Country Garden Services is also writing down between 1.4 billion yuan and 1.8 billion yuan on goodwill and other intangible assets, because some subsidiaries failed to meet expectations and some businesses are under adjustments. The payment cycles of some clients are getting longer, resulting in less-than-ideal cash flow, the company said.
Country Garden Services was previously the property management unit of Country Garden Holdings Co. Ltd., China’s biggest homebuilder. The unit was spun off from the developer in 2018 for an independent listing.
Currently, there is no shareholding relations between Country Garden Services and Country Garden. But both companies are controlled by Yang Huiyan, chair of Country Garden.
Property management companies separated from real estate companies often rely on affiliated developers as a significant source of revenues, including management and maintenance services for their projects.
As China’s property industry crisis stretches for over three years, property managers’ financials are also coming under mounting pressures. “If affiliated real estate companies face financial challenges and are unable to fulfill their financial commitments to property management firms, the likelihood of recovering the money is small,” said Dennis Huang, co-founder of Synergy Solution Management Group.
Country Garden’s financial woes were exposed in August when it failed to meet interest payments on two offshore U.S. dollar bonds. The company, which was China’s top developer in terms of sales for six consecutive years from 2017, formally logged its first default on dollar bonds in late October.
According to Country Garden Services’ half-year financial report, trade receivables from affiliated parties rose 32.9% year-on-year to 2.3 billion yuan as of June 30.
The impaired assets will lead to a reduction of the company’s net assets by 3.2 billion yuan to 4.1 billion yuan, Country Garden Services said in the Monday filing. It added that the provisions will not impact its cash flow.

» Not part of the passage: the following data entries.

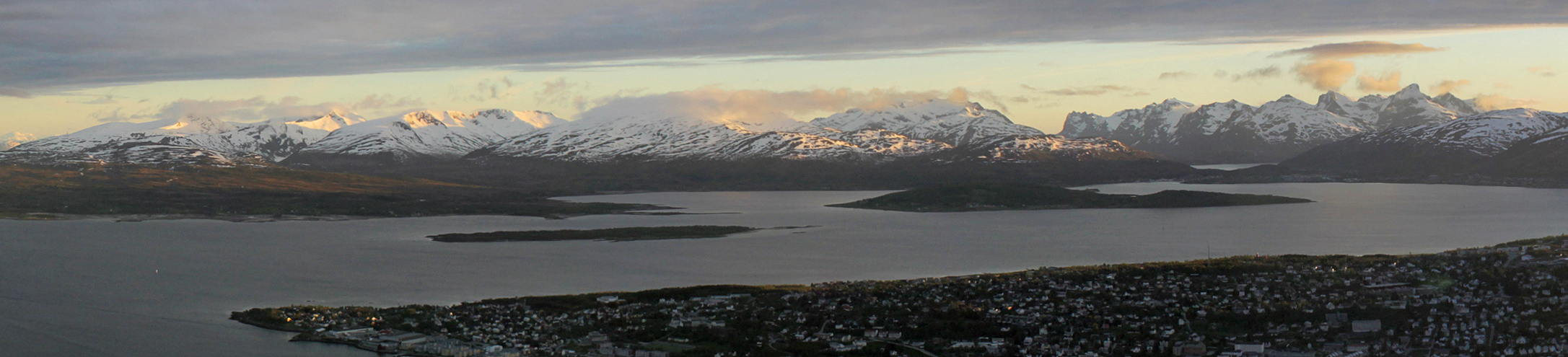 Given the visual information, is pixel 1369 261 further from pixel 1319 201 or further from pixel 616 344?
pixel 1319 201

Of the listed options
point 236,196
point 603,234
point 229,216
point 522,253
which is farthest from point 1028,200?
point 236,196

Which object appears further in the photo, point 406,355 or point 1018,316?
point 1018,316

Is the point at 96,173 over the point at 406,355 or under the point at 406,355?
over

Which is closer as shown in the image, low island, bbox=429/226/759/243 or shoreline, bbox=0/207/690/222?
low island, bbox=429/226/759/243

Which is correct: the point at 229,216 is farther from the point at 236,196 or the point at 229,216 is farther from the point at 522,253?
the point at 522,253

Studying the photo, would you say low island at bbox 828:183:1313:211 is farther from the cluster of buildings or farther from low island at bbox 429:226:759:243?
the cluster of buildings

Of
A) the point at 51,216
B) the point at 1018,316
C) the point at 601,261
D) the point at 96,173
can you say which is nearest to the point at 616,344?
the point at 1018,316

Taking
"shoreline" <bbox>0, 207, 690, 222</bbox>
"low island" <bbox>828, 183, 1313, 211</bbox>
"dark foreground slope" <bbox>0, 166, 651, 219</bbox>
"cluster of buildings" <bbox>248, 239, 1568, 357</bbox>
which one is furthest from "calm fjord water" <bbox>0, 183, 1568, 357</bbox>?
"dark foreground slope" <bbox>0, 166, 651, 219</bbox> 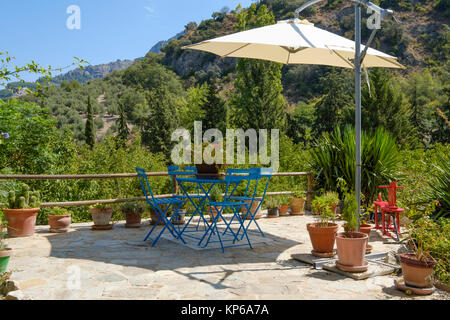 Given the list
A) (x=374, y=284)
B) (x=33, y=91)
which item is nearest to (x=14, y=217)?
(x=33, y=91)

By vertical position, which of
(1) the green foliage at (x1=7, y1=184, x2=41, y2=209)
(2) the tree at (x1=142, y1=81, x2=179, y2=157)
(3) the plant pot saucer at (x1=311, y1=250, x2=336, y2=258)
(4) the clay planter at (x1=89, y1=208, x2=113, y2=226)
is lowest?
(3) the plant pot saucer at (x1=311, y1=250, x2=336, y2=258)

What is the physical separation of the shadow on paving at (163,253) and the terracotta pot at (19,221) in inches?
10.1

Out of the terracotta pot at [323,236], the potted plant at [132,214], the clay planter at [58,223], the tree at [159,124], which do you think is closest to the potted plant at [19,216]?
the clay planter at [58,223]

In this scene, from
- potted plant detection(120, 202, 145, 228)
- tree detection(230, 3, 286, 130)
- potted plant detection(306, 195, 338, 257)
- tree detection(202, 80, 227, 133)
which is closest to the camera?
potted plant detection(306, 195, 338, 257)

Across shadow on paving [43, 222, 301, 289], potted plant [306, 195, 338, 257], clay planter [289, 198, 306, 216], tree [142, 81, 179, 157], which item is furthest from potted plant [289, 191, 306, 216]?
tree [142, 81, 179, 157]

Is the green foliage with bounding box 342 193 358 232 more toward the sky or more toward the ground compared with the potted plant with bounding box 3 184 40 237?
more toward the sky

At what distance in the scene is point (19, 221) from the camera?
461cm

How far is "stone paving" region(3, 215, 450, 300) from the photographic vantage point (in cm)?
269

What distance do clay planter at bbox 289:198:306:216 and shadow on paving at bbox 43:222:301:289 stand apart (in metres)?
1.95

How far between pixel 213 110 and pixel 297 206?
23.5 meters

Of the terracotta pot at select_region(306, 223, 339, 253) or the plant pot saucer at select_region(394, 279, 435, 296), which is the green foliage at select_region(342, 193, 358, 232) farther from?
the plant pot saucer at select_region(394, 279, 435, 296)

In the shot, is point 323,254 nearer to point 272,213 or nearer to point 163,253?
point 163,253

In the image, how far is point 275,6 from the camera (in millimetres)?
65438

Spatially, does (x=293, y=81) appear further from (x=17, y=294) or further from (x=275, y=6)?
(x=17, y=294) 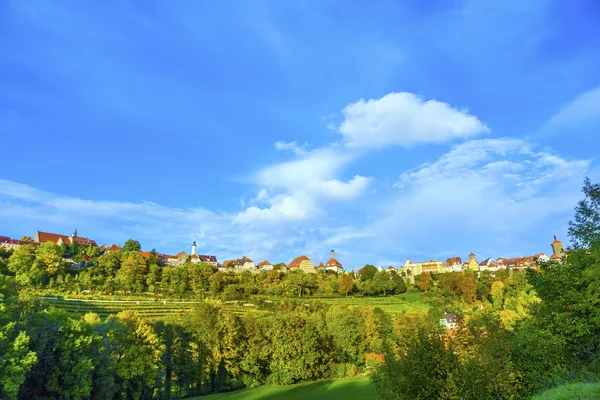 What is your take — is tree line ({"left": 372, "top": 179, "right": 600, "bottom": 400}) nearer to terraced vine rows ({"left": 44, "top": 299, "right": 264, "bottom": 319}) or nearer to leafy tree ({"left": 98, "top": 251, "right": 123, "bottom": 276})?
terraced vine rows ({"left": 44, "top": 299, "right": 264, "bottom": 319})

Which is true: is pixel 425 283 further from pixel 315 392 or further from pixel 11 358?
pixel 11 358

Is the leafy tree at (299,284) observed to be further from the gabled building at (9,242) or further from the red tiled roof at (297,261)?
the gabled building at (9,242)

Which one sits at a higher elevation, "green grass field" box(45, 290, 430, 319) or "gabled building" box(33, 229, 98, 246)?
"gabled building" box(33, 229, 98, 246)

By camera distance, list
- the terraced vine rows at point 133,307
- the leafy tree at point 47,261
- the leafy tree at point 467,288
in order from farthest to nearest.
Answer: the leafy tree at point 467,288 < the leafy tree at point 47,261 < the terraced vine rows at point 133,307

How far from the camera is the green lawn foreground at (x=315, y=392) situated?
145 ft

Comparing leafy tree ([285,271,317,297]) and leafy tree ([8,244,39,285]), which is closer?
leafy tree ([8,244,39,285])

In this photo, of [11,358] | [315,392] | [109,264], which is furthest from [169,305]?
[11,358]

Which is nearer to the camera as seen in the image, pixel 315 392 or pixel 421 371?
pixel 421 371

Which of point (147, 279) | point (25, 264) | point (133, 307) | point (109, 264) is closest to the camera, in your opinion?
point (133, 307)

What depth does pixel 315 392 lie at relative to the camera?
47875 mm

In 2022, Country Garden Services booked 2.3 billion yuan in net profit. Profits for the first half of 2023 totaled 2.5 billion yuan.
Global rating agency Fitch Ratings in a Dec.12 report said Country Garden Services maintains a strong net cash position, but its funding access could be affected by the evolving situation of Country Garden. Fitch warned that most of Country Garden Services’ revenue from Country Garden will not be collected from the second half of 2023.
Country Garden Services’ shares plunged 11.56% in Hong Kong to close at HK$ 6.12 ($0.78) per share Tuesday.